_WORK INSTRUCTIONS_:
The lines to return are those from the line holding "Poshieca Heart Shaped" through the last line of the entries below, both included, written exactly and without pictures.
BEGIN PROVIDED INFORMATION
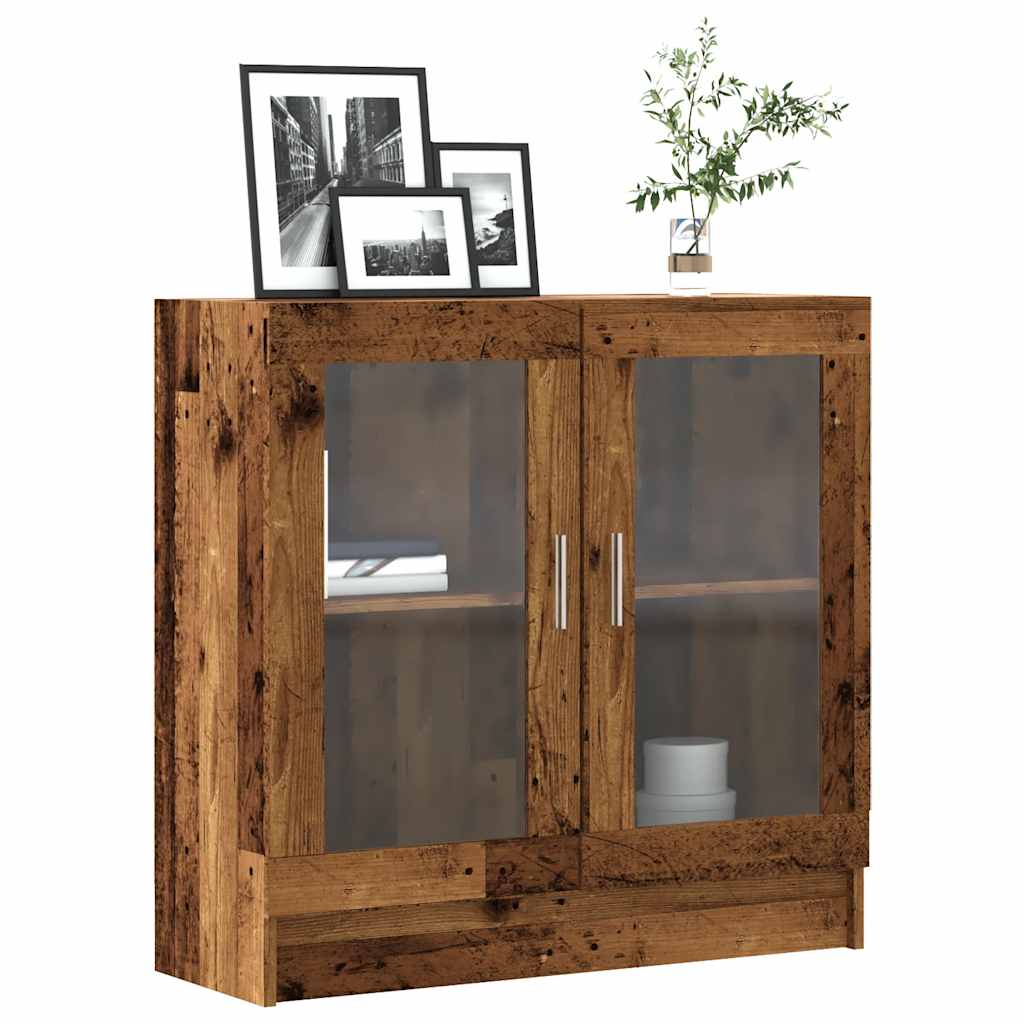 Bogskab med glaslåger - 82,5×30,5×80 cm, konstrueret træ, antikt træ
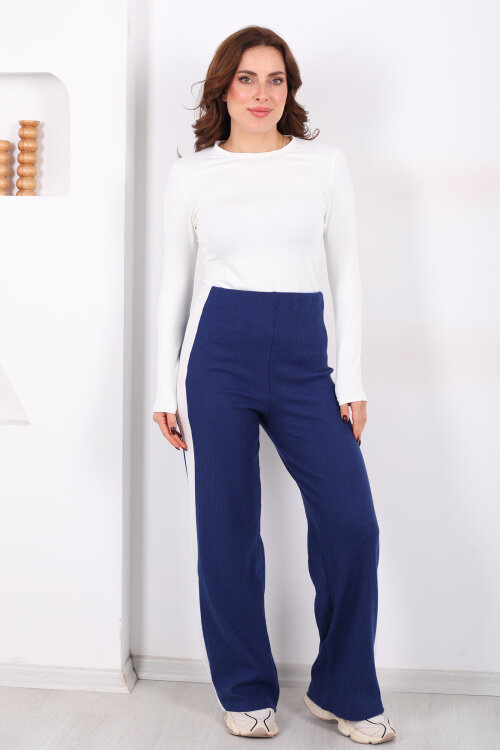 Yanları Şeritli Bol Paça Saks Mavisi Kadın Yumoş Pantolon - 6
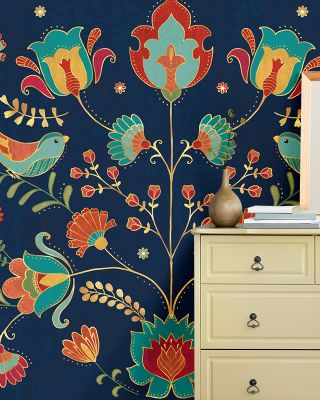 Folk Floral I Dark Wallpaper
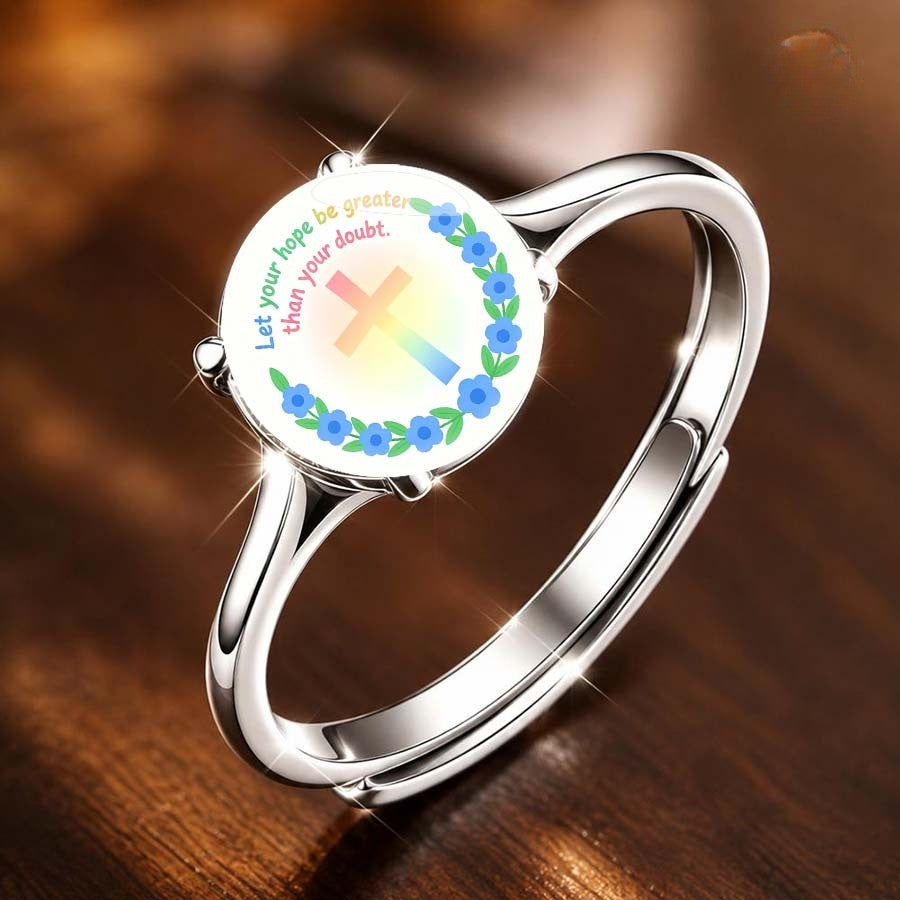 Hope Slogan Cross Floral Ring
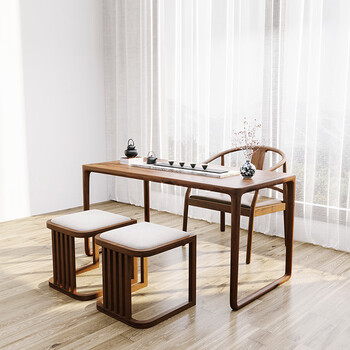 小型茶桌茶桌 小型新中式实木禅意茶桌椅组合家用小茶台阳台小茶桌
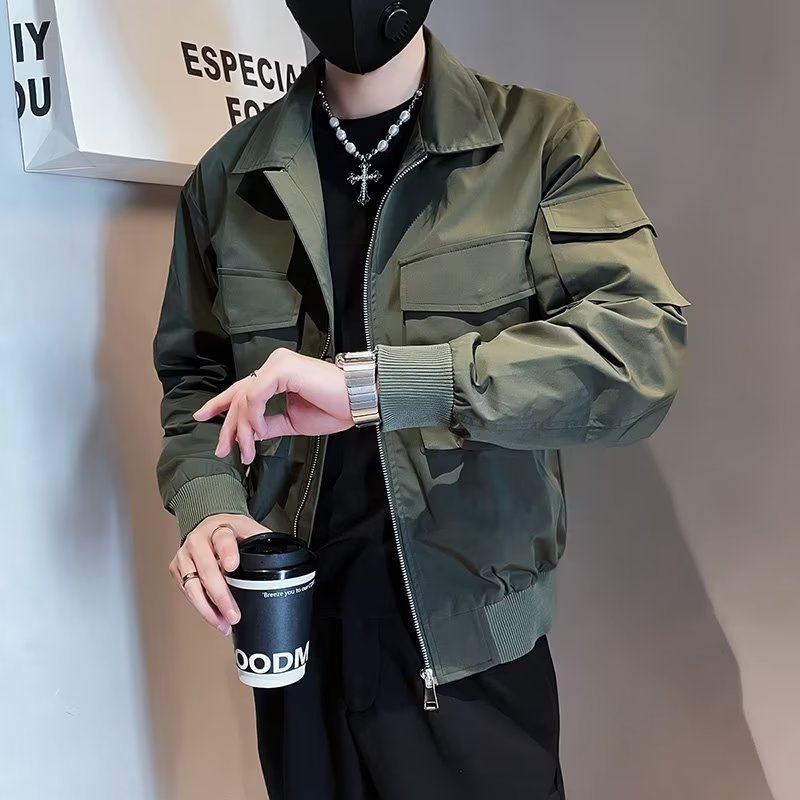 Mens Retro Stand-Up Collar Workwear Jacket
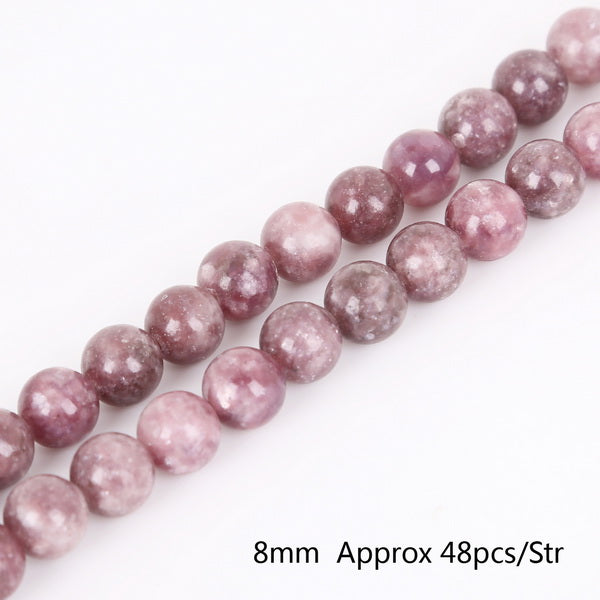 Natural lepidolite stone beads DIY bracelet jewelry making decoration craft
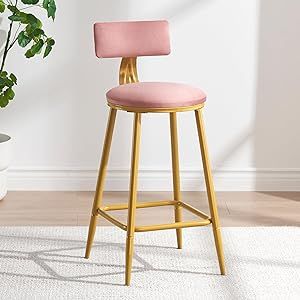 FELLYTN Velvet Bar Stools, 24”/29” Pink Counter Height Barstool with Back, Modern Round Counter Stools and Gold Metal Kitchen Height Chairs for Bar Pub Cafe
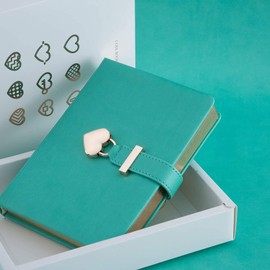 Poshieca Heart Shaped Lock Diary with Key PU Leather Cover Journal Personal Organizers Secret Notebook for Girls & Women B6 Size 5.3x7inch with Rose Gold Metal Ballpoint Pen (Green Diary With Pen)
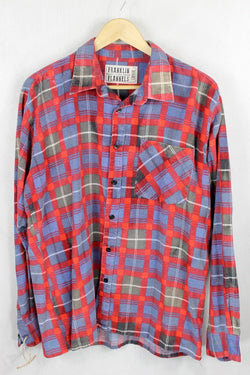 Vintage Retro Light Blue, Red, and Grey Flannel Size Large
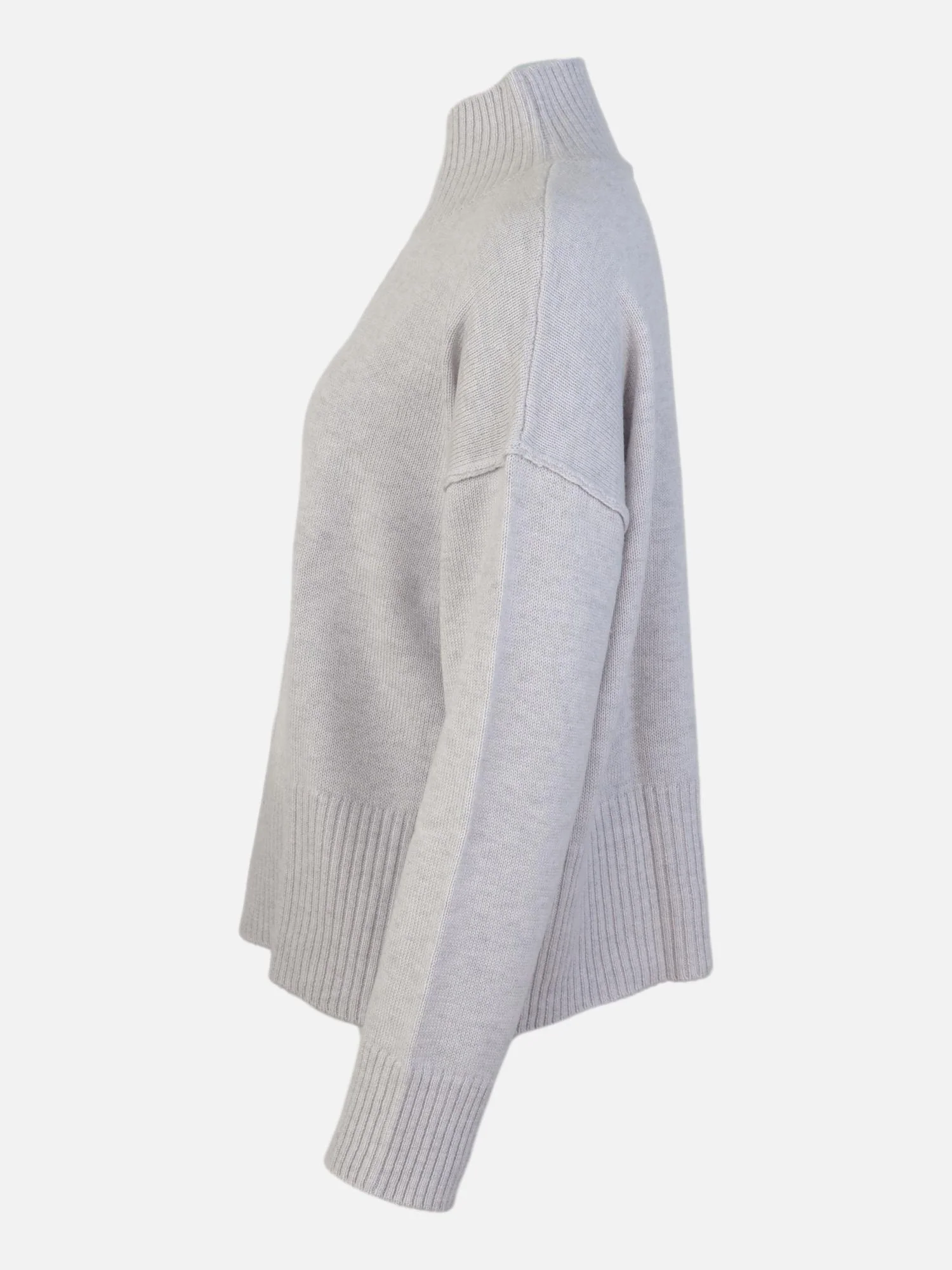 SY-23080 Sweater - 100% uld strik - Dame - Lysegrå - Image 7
END PROVIDED INFORMATION
_REPLY_:
 Poshieca Heart Shaped Lock Diary with Key PU Leather Cover Journal Personal Organizers Secret Notebook for Girls & Women B6 Size 5.3x7inch with Rose Gold Metal Ballpoint Pen (Green Diary With Pen)
 Vintage Retro Light Blue, Red, and Grey Flannel Size Large
 SY-23080 Sweater - 100% uld strik - Dame - Lysegrå - Image 7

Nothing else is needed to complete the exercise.